We’ll use the same dataset and variables that we did in our first attempts at predicting NHL salaries.

library(caret)
library(xgboost)
library(data.table)

setwd("C:\\Users\\Viktor\\Desktop")
dat = read.csv("NHL_2016-17_Cleaned_v2.csv", header = T)
dat = na.omit(dat)

set.seed(42)
#Create subset of dataset using features from the last post
new_dat = dat[,c(152, 1, 24, 14, 36, 38, 17, 60, 12, 42)]
summary(new_dat)

holdout_idx = createDataPartition(new_dat$Salary, p = 0.9, list = FALSE)
modeldat = new_dat[holdout_idx, ]
holdout = new_dat[-holdout_idx, ]


idx = createDataPartition(modeldat$Salary, p = 0.8, list = FALSE)
dat_trn = modeldat[idx, ]
dat_tst = modeldat[-idx, ]

The only difference is this time, we’ll have a training set, a test set for tuning parameters (model validation) and a final holdout set not used to train or tune the model at all for the end test results (no cheating!).

Now we’re ready to prepare our data and preprocess for XGboost.

setDT(dat_trn)
setDT(dat_tst)

labels <- dat_trn$Salary
ts_label <- dat_tst$Salary
new_tr <- model.matrix(~.+0,data = dat_trn[,-c("Salary"),with=F])
new_ts <- model.matrix(~.+0,data = dat_tst[,-c("Salary"),with=F])
labels <- as.numeric(labels)
ts_label <- as.numeric(ts_label)

xgb_train <- xgb.DMatrix(data = new_tr,label = labels) 
xgb_test <- xgb.DMatrix(data = new_ts,label=ts_label)

We’ll start out by using a model with the default parameters. Training with cross validation will allow us to determine the optimal number of model iterations, then we’ll run the model using this information and evaluate it on heldout data it has never seen before.

default_params <- list(booster = "gbtree", objective = "reg:linear",
               eta=0.3, gamma=0, max_depth=6, min_child_weight=1,
               subsample=1, colsample_bytree=1)

xgbcv_untuned <- xgb.cv( params = default_params, data = xgb_train, nrounds = 100,
                 nfold = 5, showsd = T, stratified = T,
                 print_every_n = 10, early_stop_round = 20, maximize = F)

# find optimal number of iterations
minval = min(xgbcv_untuned$evaluation_log[,4])
errors = as.data.frame(xgbcv_untuned$evaluation_log[,4])
niter = match(minval, errors$test_rmse_mean)
cv_error = as.data.frame(xgbcv_untuned$evaluation_log[niter,2])
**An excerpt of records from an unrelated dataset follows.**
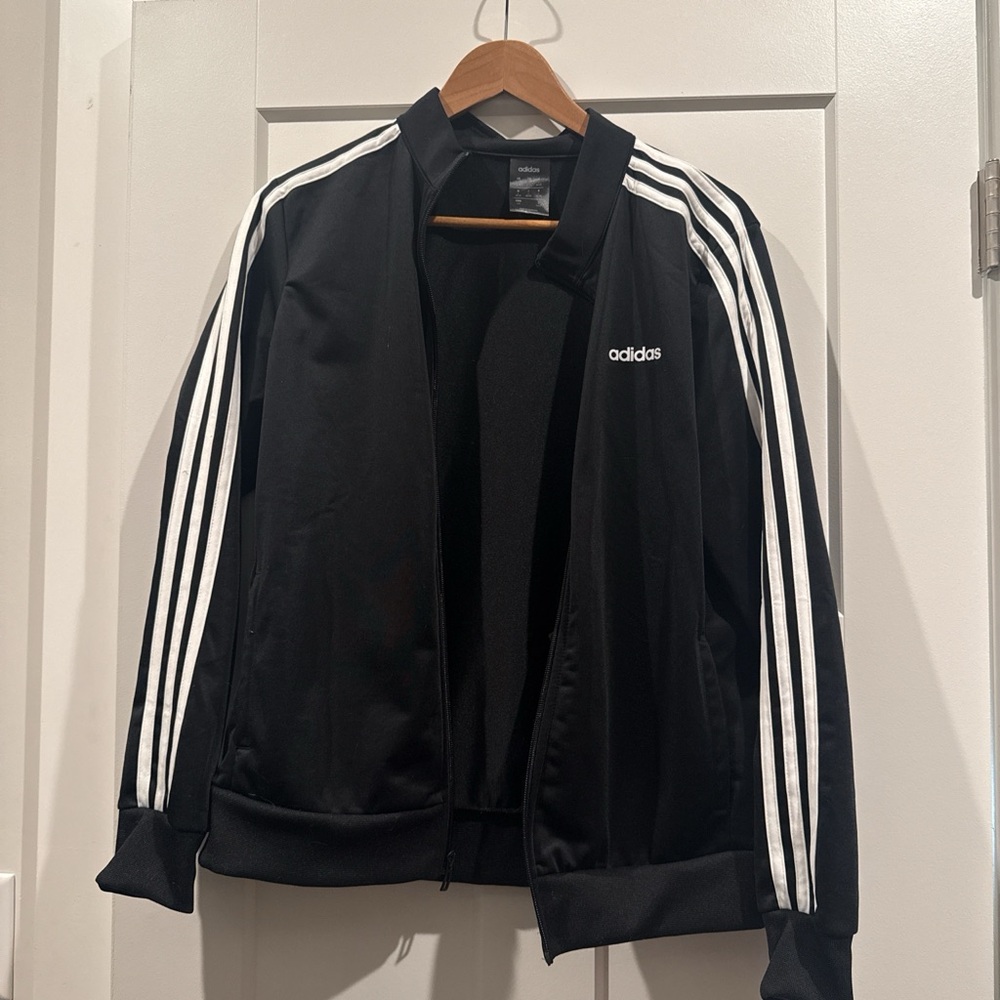 Adidas Men's Black Bomber Jacket with White Stripes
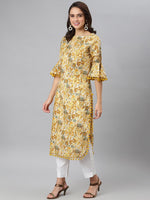 Thumbnail for Khushal K Women Yellow Floral Printed Flared Sleeves Kurta - Distacart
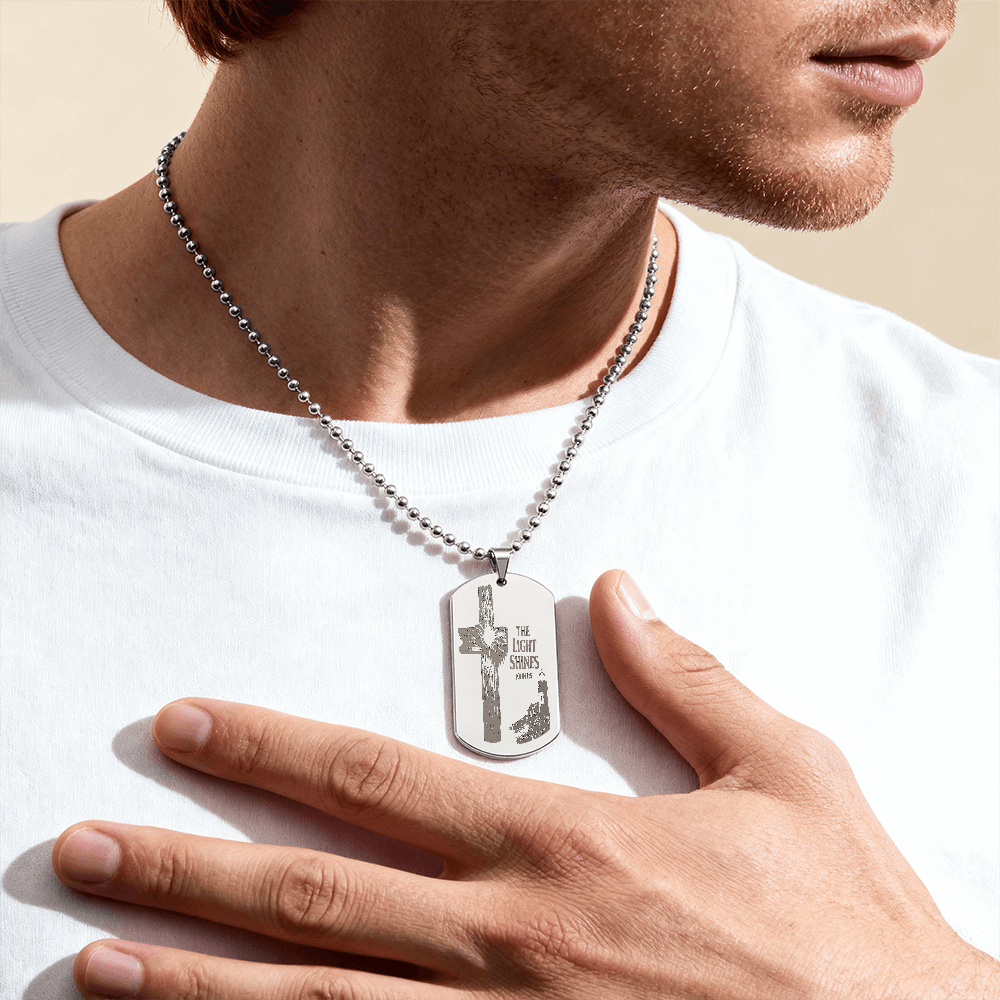 Dog Tag Necklace - Engraved light cross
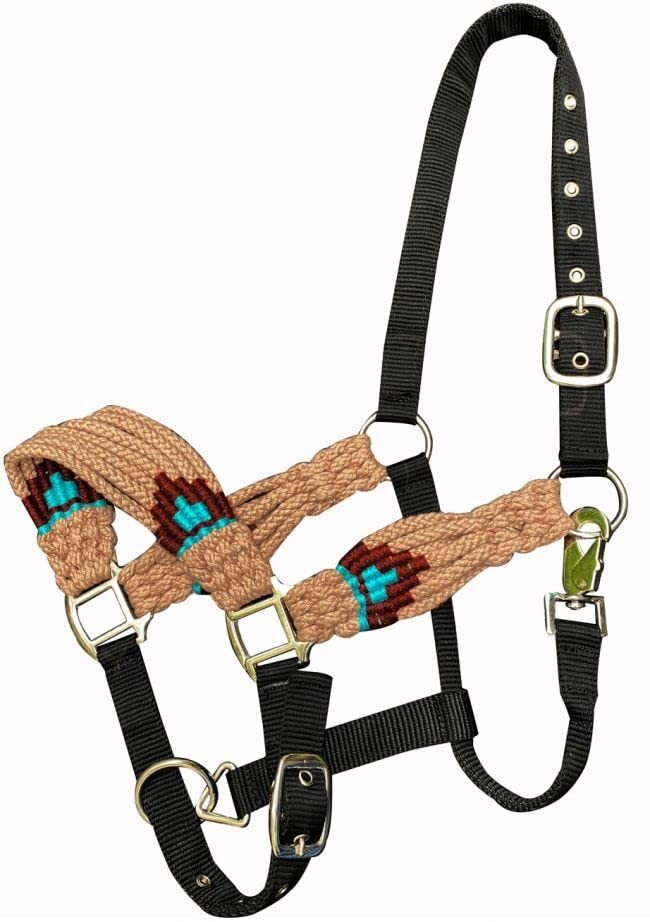 Showman Nylon Bronc Halter w/ Tan & Teal Multi-Strand String Nose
# run model with optimal number of iterations
xgb_model_untuned <- xgb.train(params = default_params, data = xgb_train, nrounds = niter,
                   watchlist = list(val=xgb_test,train=xgb_train), print_every_n = 10,
                   early_stop_round = 10, maximize = F , eval_metric = "error")
                   
# evaluate performance on heldout data
setDT(holdout)
holdout_inputs = model.matrix(~.+0,data = holdout[,-c("Salary"),with=F])
holdout_labels = holdout$Salary
holdout_dat <- xgb.DMatrix(data = holdout_inputs,label=holdout_labels)
sqrt((mean((predict(xgb_model_untuned,holdout_dat) - holdout_labels)^2)))

We get a RMSE of 1,475,553 which is already better than the best performing model from the previous post (the lowest test RMSE was 1,559,010 from the K-NN model). I’d say we’re off to a good start. Let’s see if tuning hyperparameters can give us even better performance.

We’ll start off by tuning max_depth and min_child_weight, while keeping the default parameters for everything else. Max_depth is the maximum depth allowed for a tree, and min_child_weight is the minimum sum of weights of all observations required in a child (it tells the model to stop splitting once the sample size in a node drops below a certain threshold). We start with these hyperparameters since they’ll have a large impact on model performance. We’ll also continue using a high learning rate for now to speed up training times, as well as sticking with the optimal number of iterations for this learning rate that we established in the untuned model.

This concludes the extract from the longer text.